There is no artifice in either brother. Their fan appeal is directly attributable to who they are at their core. And it’s that very genuineness that has throngs of fans standing outside their hauler, waiting for just a moment of their time.

“It’s about being yourself – talking to people,” Hunter said. “It’s not like I turn it on or turn it off; it’s just about being yourself. This is who we are, this is who you get and this is how it will be. You can’t portray something you’re not. If you keep saying you’re an orange, but apples keep popping out, it’s only a matter of time [until they figure it out].”

The key word is ‘throngs’, however. One person wanting just a few moments of time is incidental. Dozens are an entirely different matter.

“It’s tough in Supercross because it’s such a long day,” Hunter said. “The recovery side of it’s tough to do everything. We get stuck outside the grid; we can’t be there for like 10 minutes. We’re stuck there for like an hour. It gets overwhelming at times.

“You feel bad because you want to sign everything, but you’re still here for a job. Every race day is like that. We do the best we can, but there are so many people who wait out front. They’re screaming for you. Even when we’re coming off the sessions, they’re already yelling before you put your bike on the stands. You don’t even get time to take you helmet off.”

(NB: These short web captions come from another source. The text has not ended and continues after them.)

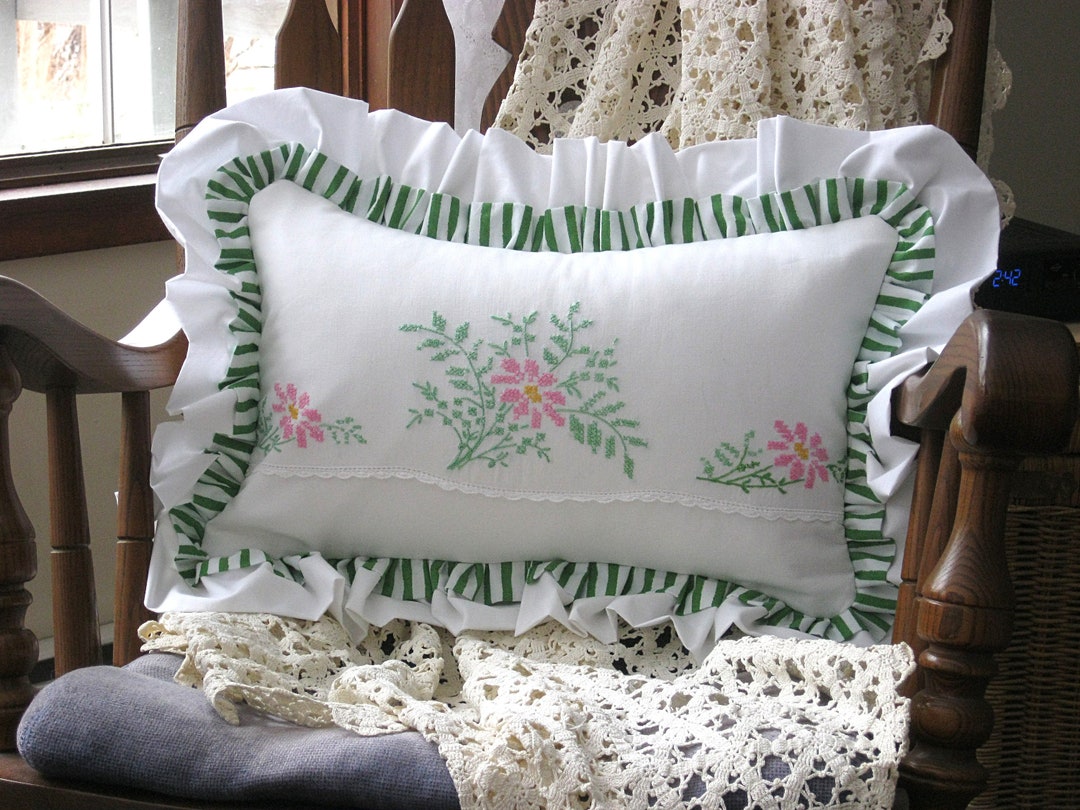 Pink and Green Floral Lumbar Pillowcase, Vintage Linen Pillow Case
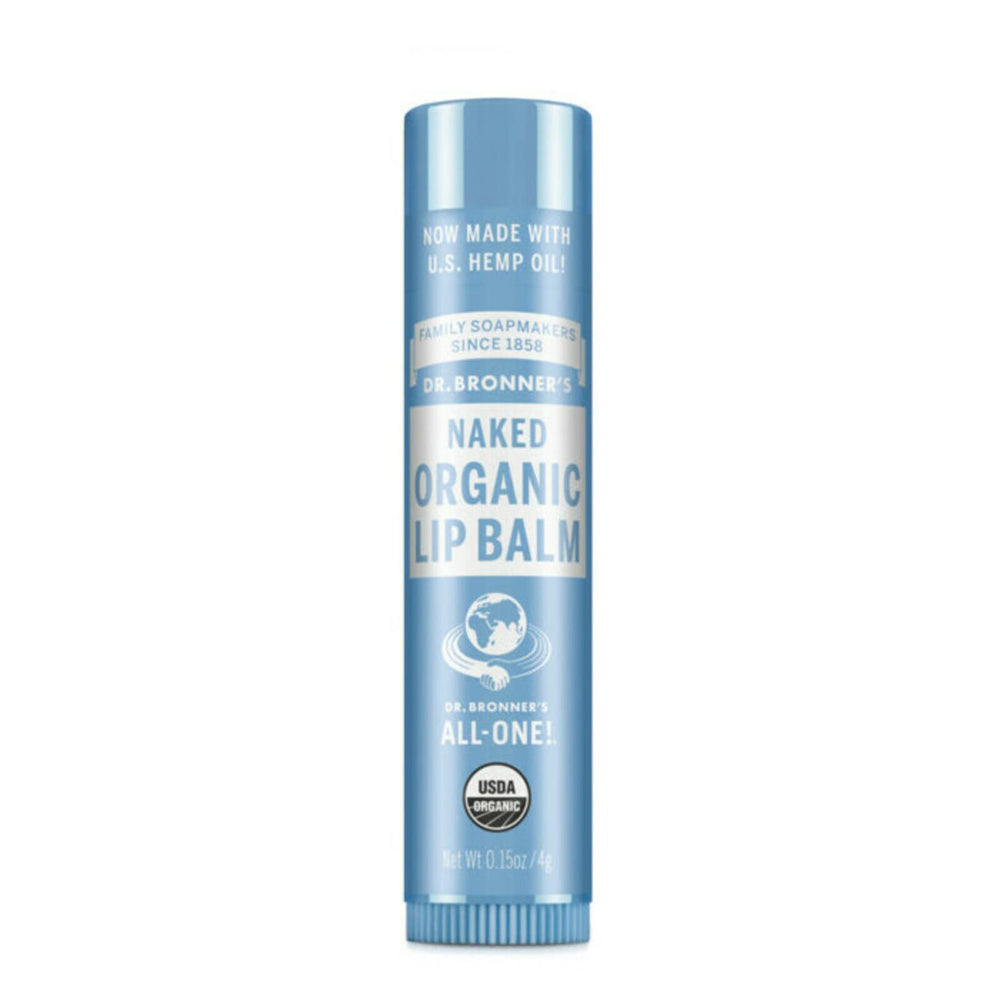 Bálsamo labial Dr. Bronner's Naked, empaque frontal, hidratación suave sin fragancias.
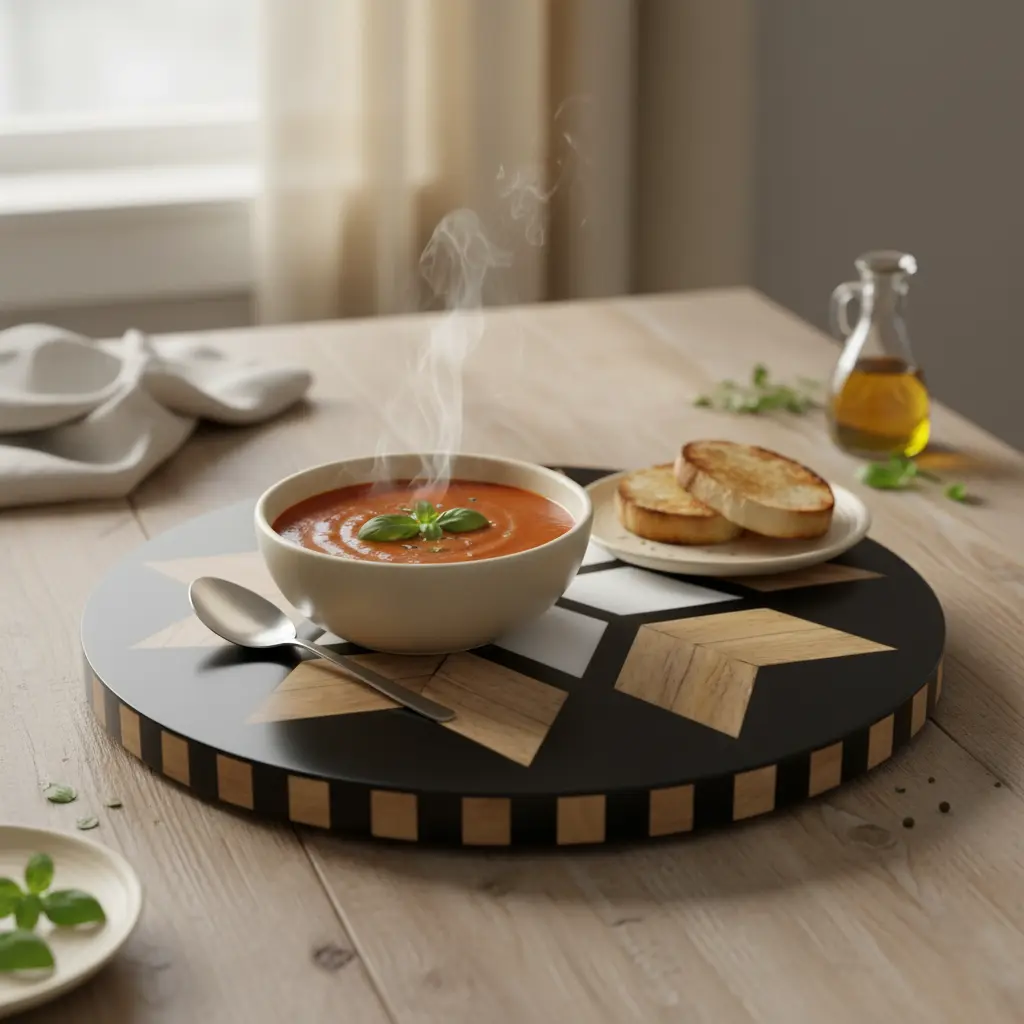 P2 Versatile & Stylish MDF Lazy Susan Organizer 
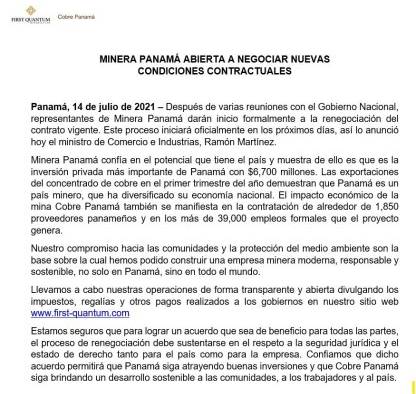 Comunicado de First Quantum Minerals Ltd. sobre renegociación. Comunicado de First Quantum Minerals Ltd. sobre renegociación.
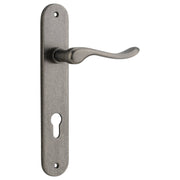 Stirling Lever Oval Backplate Distressed Nickel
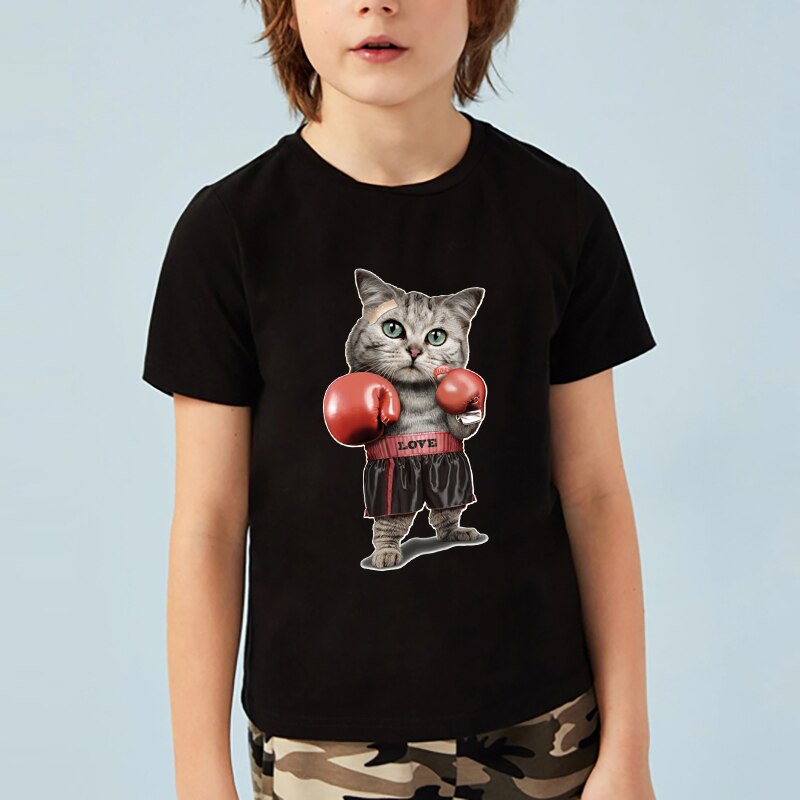 Nowe śmieszne boks naszywki z kotami Diy dekoracji na ubrania żelazko na plastry na koszulki nietoksyczny bez naklejki naszywki, nadają się robić prania Hea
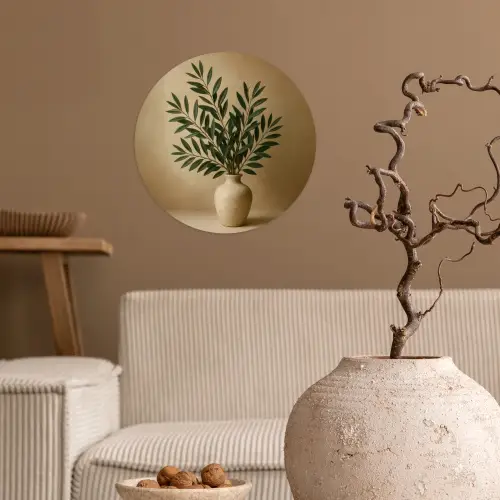 Vaas - Olijftakken - Bladeren - Beige Wandcirkel behangsticker klein -sfeer1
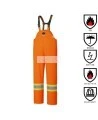 Waterproof, flame-retardant, high-visibility orange safety bib pant, model 5893 Pioneer Flame-Gard, sizes XS to 7 XL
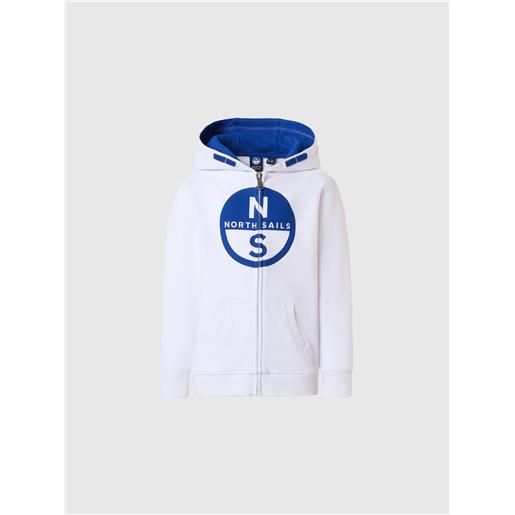 North Sails - felpa hoodie con maxi logo, white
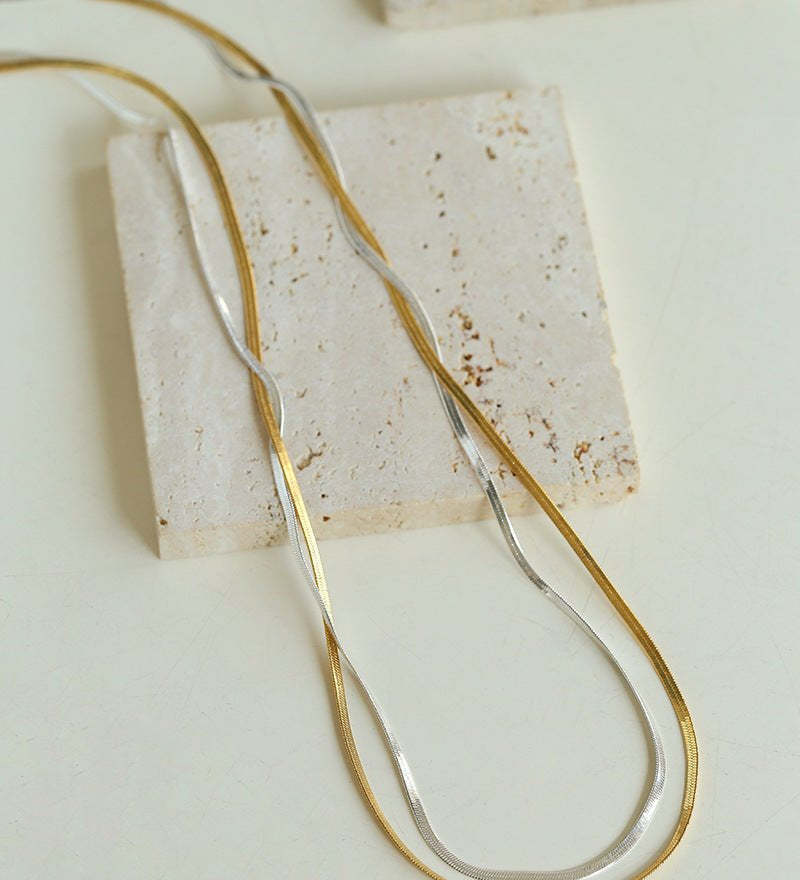 Gold & Silver Two - Tone Snake Chain Long Necklace - floysun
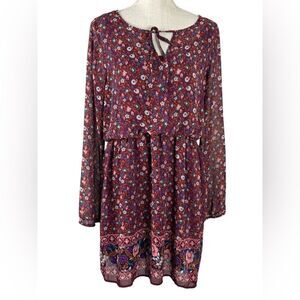 Mudd Long Sleeve Burgundy Floral Mini Dress Women’s Size XL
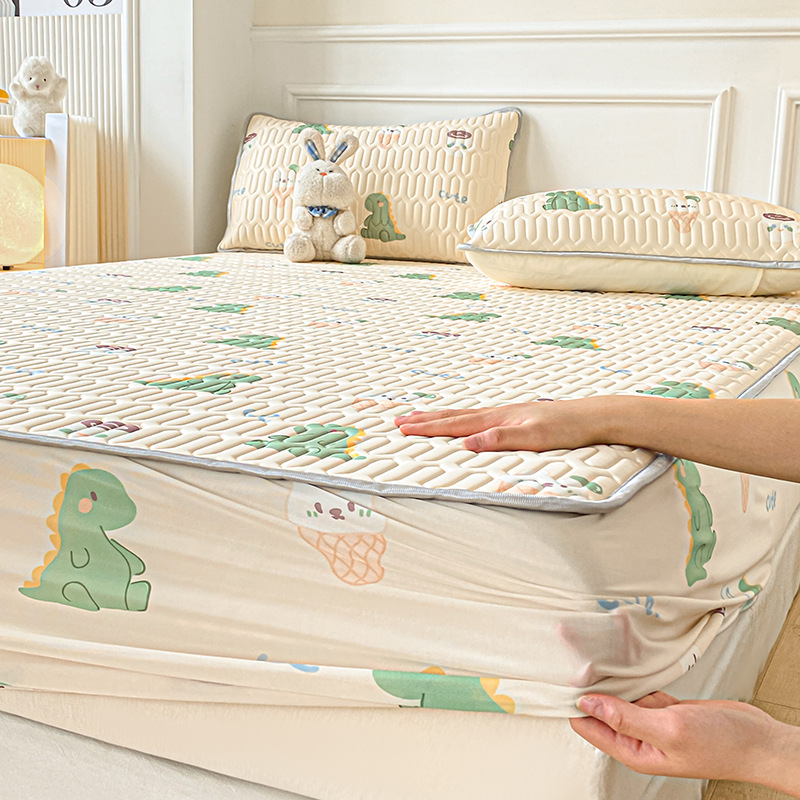 Picture of Class a Natural Latex Mat Set Air-Conditioned Mat Three-Piece Set Fitted Sheet Student Dormitory Summer Quilt Washable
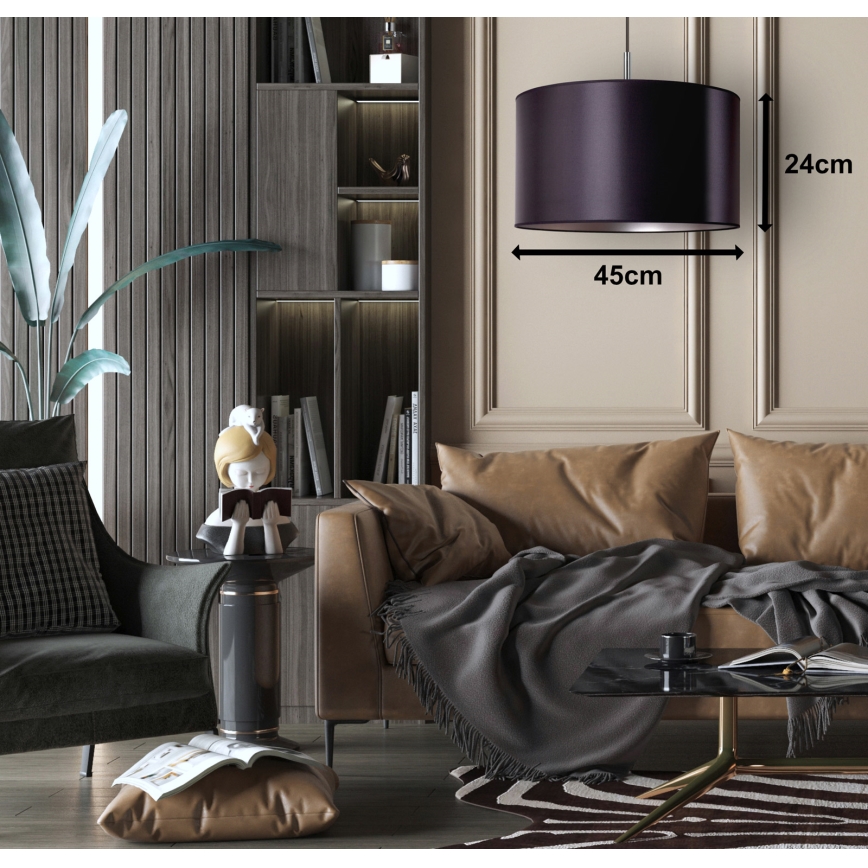 Duolla - Ljuskrona med textilsladd CANNES 1xE27/15W/230V diameter 45 cm svart/silver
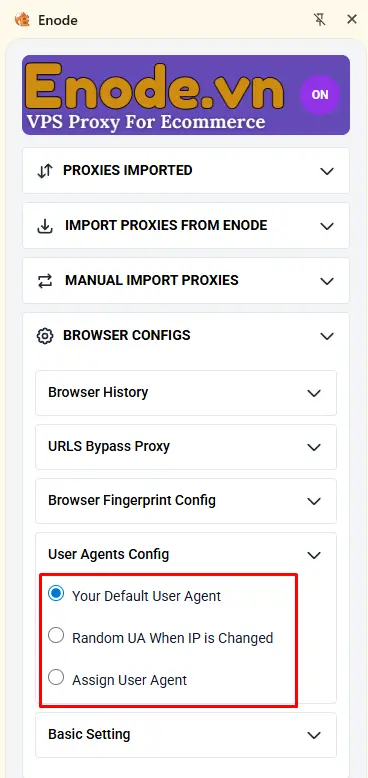 Tùy chọn cấu hình User Agent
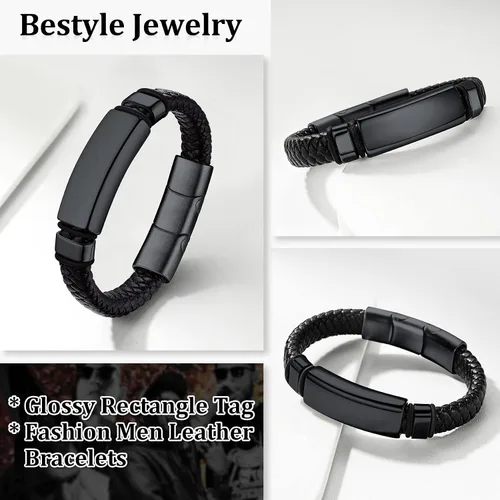 Miniatura 4 de Bestyle Pulseras vikingas trenzadas de cuero genuino para hombres y niños, estilo vintage, martillo de Thor, calavera, masón masónico, pulseras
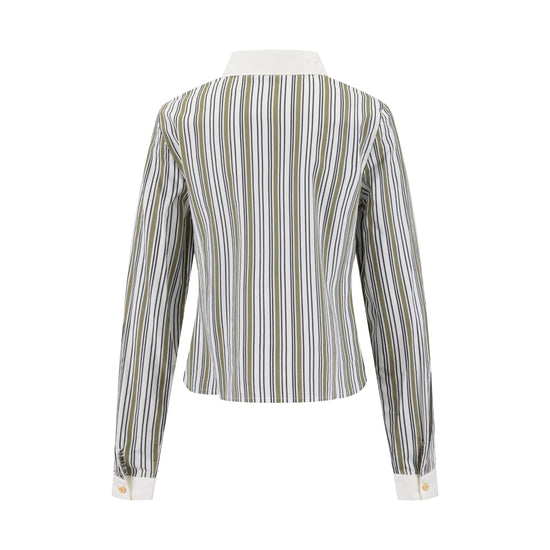 Solid Collar Striped Blouse - Green Moss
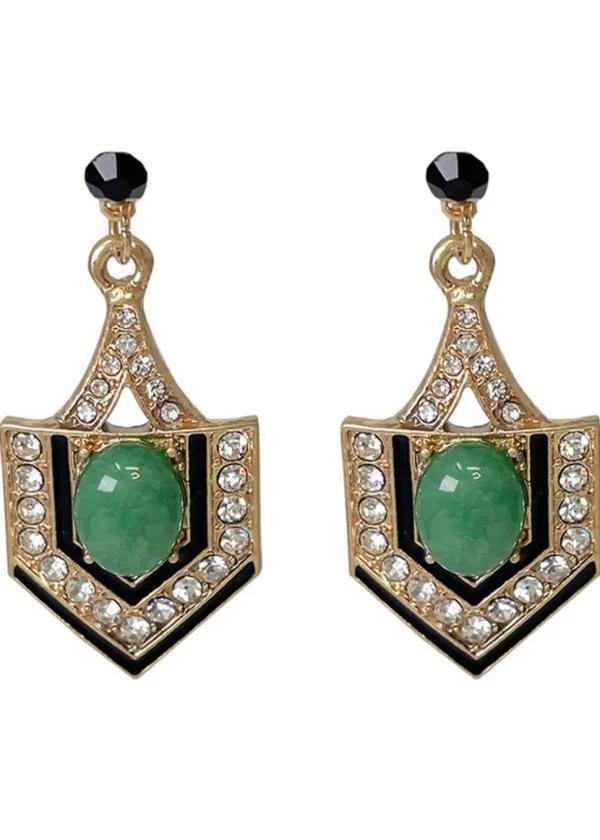 Love Vintage Eygptian Queen 20's Earrings Green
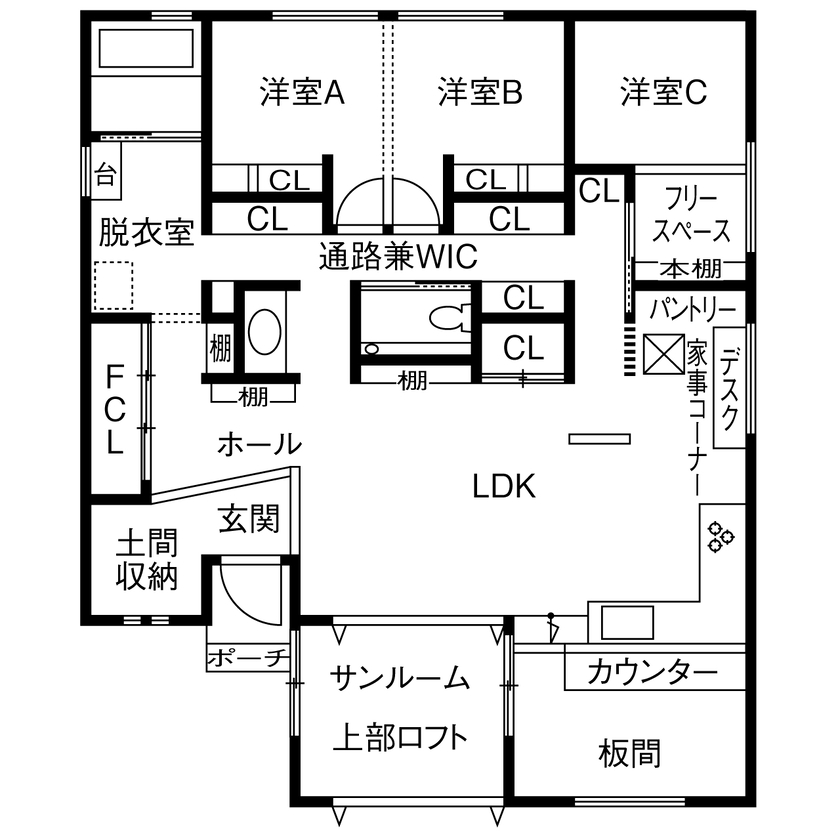 サティスホーム 【弥富市×平屋×サンルーム×ロフト×間取図有】立体空間の中で家族の居場所がゆるやかにつながる平屋の間取り図（3LDK＋サンルーム）1階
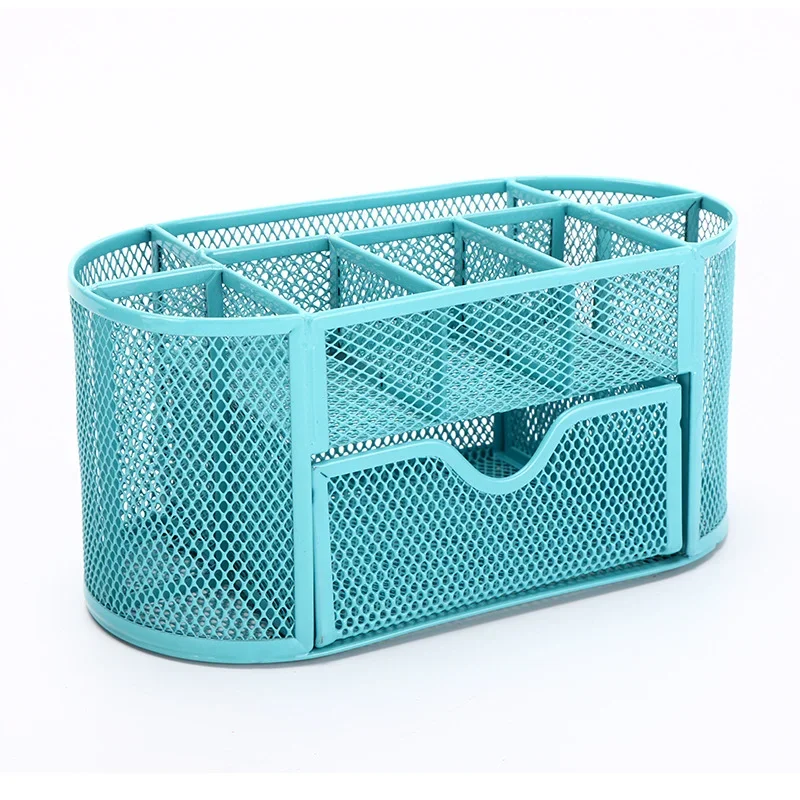 Imagem -05 - Multi-funcional Mesh Desk Organizer Metal Pen Holder Papelaria Container Box Escritório e Material Escolar Acessórios Armazenamento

It can be a double-edged sword. Personality is only one part of the equation. A much bigger part of the brothers’ fan appeal comes because of their success. Hunter finished second in the last two Supercross 250 West title battles and third in the past two Lucas Oil Pro Motocross Championships.

Jett won the last three titles he competed for, including last year’s 250 East Supercross Championship and the last two Motocross contests.

“I think they expect me to have nothing else to do on a Saturday and that I have unlimited energy,” Jett said. “But, I’m trying to recover for the next race.”

It’s a matter of timing. Jett has gained a reputation last year for handing out hundreds of donuts before the races during Red Bull fan appreciation sessions. And after the race, once the business at hand has been settled, Jett is equally available to the fans.

“After the race it’s fine; I’ll stay behind.” Jett said. “My job is done on the racing side of things, but until that last moto is done, my main thing is dirt bikes. The fans come along with it. The fans are part of the job, but main job at hand is the racing side of things. After the race, I’ll stay there for an hour or so. It’s a lot calmer.”